Dakar is a cosmopolitan city but it is basically all black and there is considerable poverty. I discovered that I couldn’t walk around alone after I was mobbed downtown by about a dozen children whose hands went through all my pockets before I could beat them off of me. I had to have an escort, a guide and a translator, and very luckily I found one in an extraordinary man. El Hadji Moussa Boubacar Sy is a painter and an important figure in the lively Dakar art world. A tall, imposing man with ebony skin and a magnificent, animated face, El Hadji reminded me a great deal of Peter Tosh. He had that same Rasta Gnostic sense of things. No doubt ever, just pure assurance. If you told Peter Tosh he had confidence he would probably so, “No con! I-fidence!” El Hadji has the same spirit. He showed me his work and it was strong pictorially, combining abstraction with fantastic figuration. Actually his style reminded me a bit of Miles Davis’s painting but more practiced and composed. But El Hadji understood contemporary art and how it works. He understood high concept and he painted empty rice sacks, which he sold for the price of a full sack.
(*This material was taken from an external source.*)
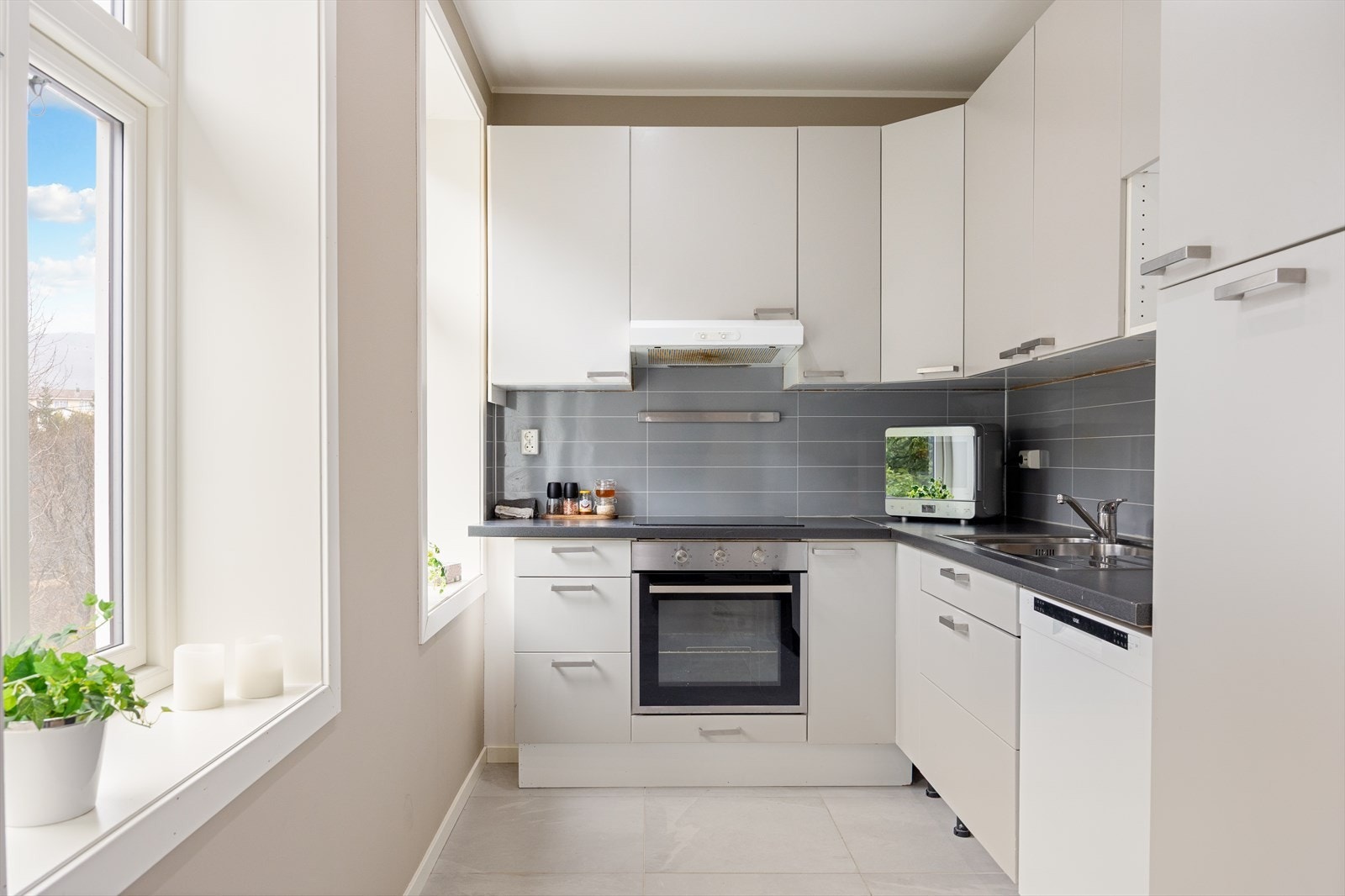 Kjøkken med integrert komfyr, koketopp og oppvaskmaskin Galleribilde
When I was with him he was painting on stretchers. Literally, stretchers, those pallets used to carry the sick and the dead, a fantastic pun resonating through the entire idea of African art and history.

He knew he had to work outside the studio, too. To make a show not just of paintings, but of himself and his magnificent personality. To that end he was all over Dakar, visiting fellow artists, organizing shows, and making himself a presence in café society. And Dakar is a place with a café society. Each night we dined in excellent restaurants that demonstrate one of the truly great results of the collision between France and its colonies—a fantastic Creole cuisine. We dined and we wined. El Hadji (a name which signifies that he made the pilgrimage to Mecca), was never drunk, but I noticed that his wine glass was never empty either.

He took me to jazz clubs, discos, marketplaces, and the studios of his peers. I was particularly moved by my visit to the island of Goree in the Harbor. This was the point of departure for many thousands of the slaves shipped from West Africa to the Americas. The dungeons where they were held before shipment are still there, as is the fort that protected the slavers.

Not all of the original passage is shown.